MS includes three clinical stages: a pre-clinical stage detected only by MRI; a relapsing-remitting (RR) stage characterized by a marked relapse and remission course; and a progressive stage usually evolving from the relapsing stage. EBV likely involves in the entire clinical course of MS, and may play different roles in MS different stages. With the understanding of the immune mechanism of MS, more than ten immunotherapy drugs for MS have been approved by FDA. Anti-CD20 monoclonal antibody has become one of the most effective treatments for MS.5 However, anti-CD20 monoclonal antibody does not exhaust the progeny of its targeting circulating memory B cells and plasma cells which lack CD20 expression. Moreover, Due to the blood brain barrier (BBB), it is difficult for anti-CD20 antibody to freely reach the central nervous system. Therefore, antiviral therapy directly targets EBV may be a new opportunity for MS therapy.
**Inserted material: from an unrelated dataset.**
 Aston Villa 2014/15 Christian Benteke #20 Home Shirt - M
Several anti-herpes virus compounds, including famciclovir and abacavir, have been evaluated for the treatment of MS, but they have shown poor therapeutic efficacy for MS. It is worth noting that FDA has approved human IFN-β for relapsing MS treatment. The mechanism by which IFN-β treats MS is unclear, but it is known that IFN-β can inhibit EBV infection. In addition, EBV negative individuals have very low risk of MS suggests that MS risk is associated with EBV infection and a vaccine against EBV could be developed to prevent MS in future.

Overall, this study suggests that the occurrence of EBV infection is a cause but not a consequence of MS. Moreover, these results cannot be explained by any known risk factor for MS and demonstrate that EBV is the leading cause of MS.